Makale

TAKDİM - HEVESLERİN İSTİSMARI: POPÜLER KÜLTÜR

TAKDİM

HEVESLERİN
İSTİSMARI:
POPÜLER KÜLTÜR

Dr. Elif Arslan

Yüzyıllar boyunca insanlar ihtiyaçları kadar tüketerek, tükettikleri kadar üreterek yaşam ve ihtiyaç arasındaki dengeyi büyük ölçüde korudular. Modern çağda denge, şirketlerin lehine, insanların aleyhine bozuldu; makas giderek açıldı. Gıdadan barınmaya, eğlenceden giyinmeye çok geniş alanda üretim çeşitliliğinin artması ve bu ortamda kendine yer bulan kapitalist ihtiras, kâr için tarihin hiçbir döneminde eşine rastlanmayan yöntemler bulma yoluna gitti: Üründen önce o ürüne olan ihtiyaç duygusunu üretmek... Bunu yaparken insanların zaaf ve yönelimlerini, ilgi ve meraklarını kullanmaktan hatta maniple etmekten imtina etmedi. Bu sürecin tüketim lehine kusursuz bir şekilde işleyebilmesi için gerekli olan çarpan etkisini ise popüler kültür sağladı. Tüketim odaklı ihtiyaçlar, zevkler, beğeniler, yönelimler insanların sosyal hayatlarında özendirici şekilde dolaşıma sokuldu; herkes aynı üretim bandının önünde bir örnek tüketiciye dönüştürüldü. İnsanın gerçek ihtiyaçlarıyla ona dayatılan ihtiyaçları arasındaki uçurum açıldıkça bireysel özgünlük ve toplumsal huzur zedelendi.

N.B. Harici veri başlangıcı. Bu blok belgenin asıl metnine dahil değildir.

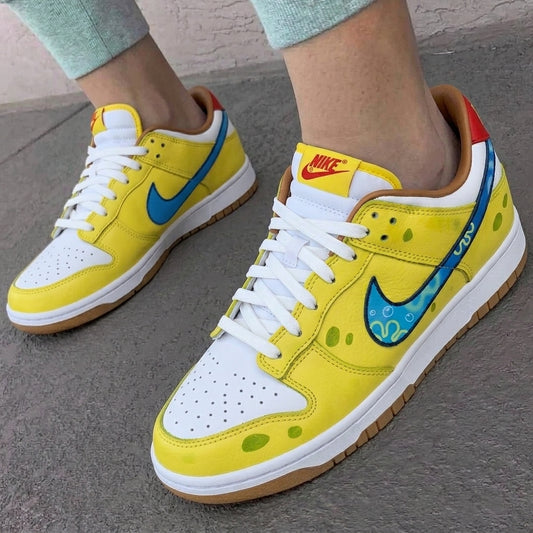 Custom Dunk Shoes SpongeBob Pattern Yellow Blue Green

İslam dini, müminlerin yerken, içerken, tüketirken daima ölçülü olmaları gerektiğini, aksi hâlde israfa düşebileceklerini, Allah’ın (c.c.) ise israf edenleri sevmeyeceğini belirterek nefislerine karşı bir dikkat ve temkin geliştirmelerini öğütler. Üstelik asıl israf, ömür sermayesini heba etmektir. Diyanet Aile Dergisi olarak bu sayımızda “Pencere”mizi insanın zaaflarını kullanarak başta zamanını, ardından maddi ve manevi varlığını istismara yeltenen popüler kültüre açtık. Kaan H. Süleymanoğlu, “Zaaf Avcılığı: Popüler Kültür” başlıklı yazısında popüler kültürün; gündelik hayata egemen olan söylemleri, alışkanlıkları, beğenileri, ilgi ve yönelimleri içine alan, içine aldığı her şeyi kendi iktidarının devamı için yeniden üreten bir çark olduğunu belirterek insanoğlunun, hayatını şirketlerin satış uygulamalarının, moda yöneticilerinin emirleri doğrultusunda geçirdiği takdirde bu çarkın dişlileri arasında öğütülmekten kurtulamayacağının altını çizdi.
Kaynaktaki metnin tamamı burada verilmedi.